Juliane Stückrad: Die Dorfkirche – ethnologisch betrachtet
Nichts erscheint so vertraut und heimatlich wie die Dorfkirche, auch für Städter. Doch man bekommt einen ganz anderen Sinn für ihre religiöse, kulturelle und soziale Bedeutung, wenn man sie mit den Augen einer Ethnologin betrachtet. Idyllische Projektionen lösen sich dann auf, und es kommt eine überraschend vielfältige Wirklichkeit zum Vorschein.
Die Ethnologin Juliane Stückrad hat vor kurzem ein sehr lesenswertes Buch veröffentlicht: «Die Unmutigen und die Mutigen». Darin beschreibt sie mit großer Sensibilität und ethnologischer Kompetenz die Lebenseinstellungen von Menschen in Brandenburg. Irritierend und erhellend ist besonders, was sie über die «Unmutigen» schreibt – Menschen, die sich abgehängt fühlen und darauf mit Wut reagieren. Wer die tieferen Gründe für kommunikative und körperliche Gewalt in politischen Auseinandersetzungen heute verstehen will, sollte dieses Buch lesen.
Aber es hat zum Glück auch einen zweiten Teil.
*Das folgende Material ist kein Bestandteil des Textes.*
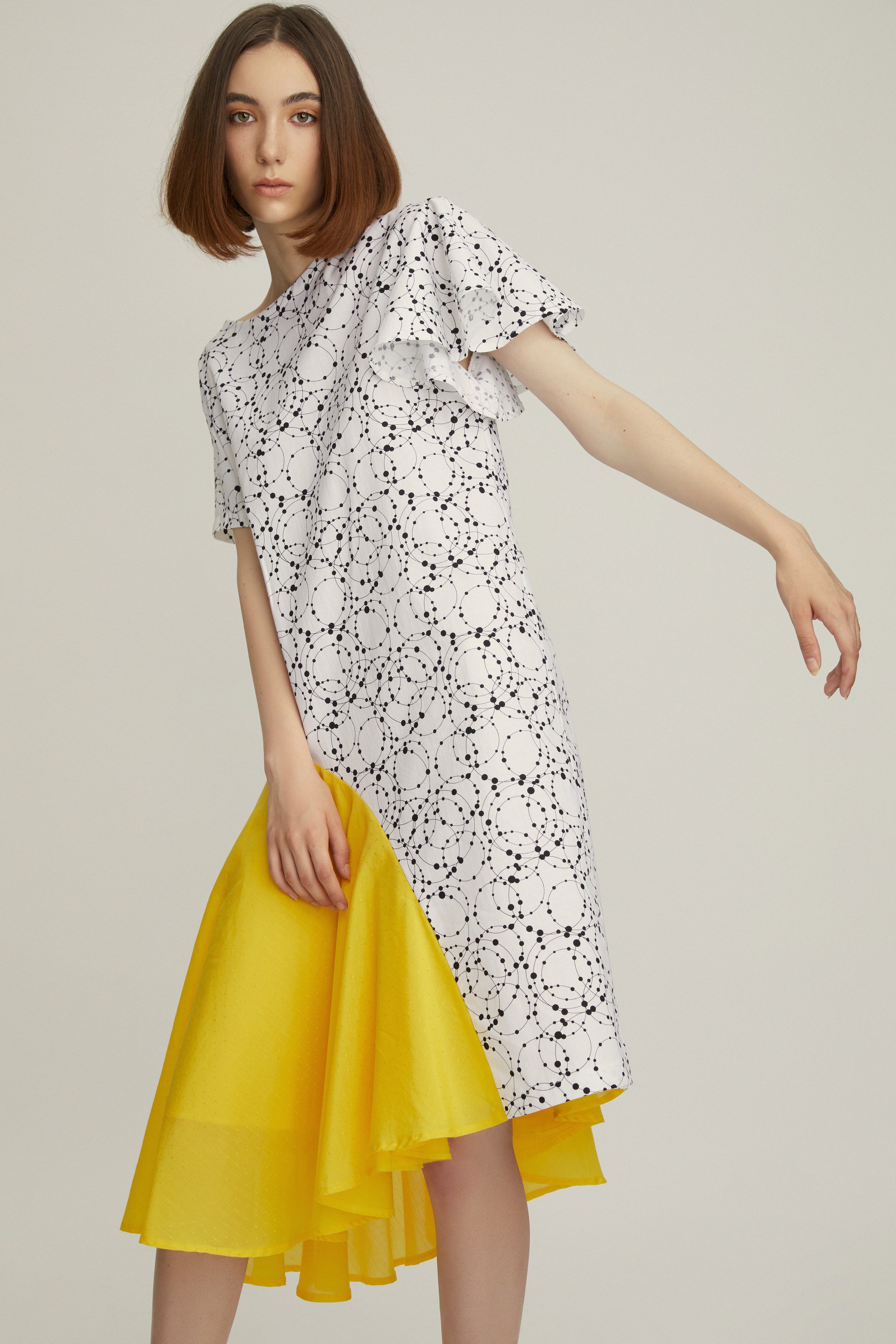 A modern construction, this dress has a back V-neck with a removable yellow dotted silk cord. The sleeves epitomize diversity, you will notice one angled sleeve and one draped. Made from pure cotton with a thick, tactile quality, it has a straight fit and falls just above the knee.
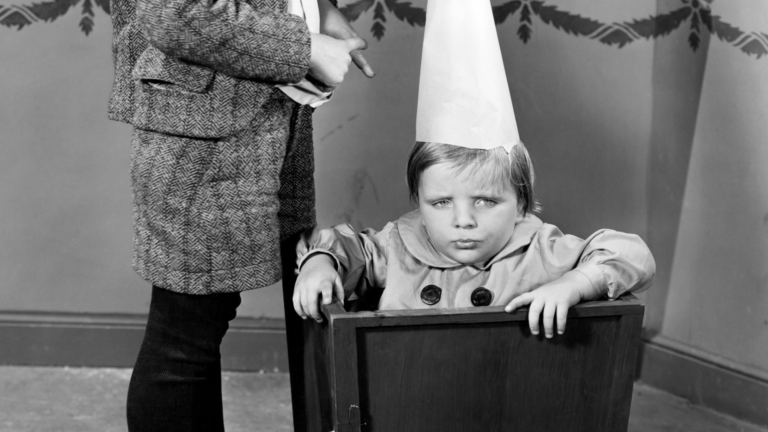 Black and white image of an unhappy looking child wearing a dunce cap.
Darin widmet Stückrad sich den «Mutigen» – Menschen, die sich nicht unterkriegen lassen, sondern gemeinsam etwas auf die Beine stelle. Das muss gar nichts Großartiges sein. Es geht ihr nicht um spektakuläre Erfolgsgeschichten, sondern um schlichtes soziales Engagement und gelebte Humanität.
Beispielhaft steht dafür der Einsatz vieler Menschen in den ländlichen Gebieten Ostdeutschlands für ihre Dorfkirchen. Selbst Menschen, die von sich sagen, dass sie «mit der Kirche nichts am Hut haben», zeigen hier einen erstaunlichen Einsatz. Was in und um Dorfkirchen heute geschehen kann – an kulturellem Leben und demokratischem Engagement –, das erkundet Stückrad als Ethnologin im eigenen Land, und zwar so, dass man als Theologe viel Neues erfährt. Zum Beispiel, was Dorfkirchen mit Ahnenkult und menschenfreundlicher Magie zu tun haben.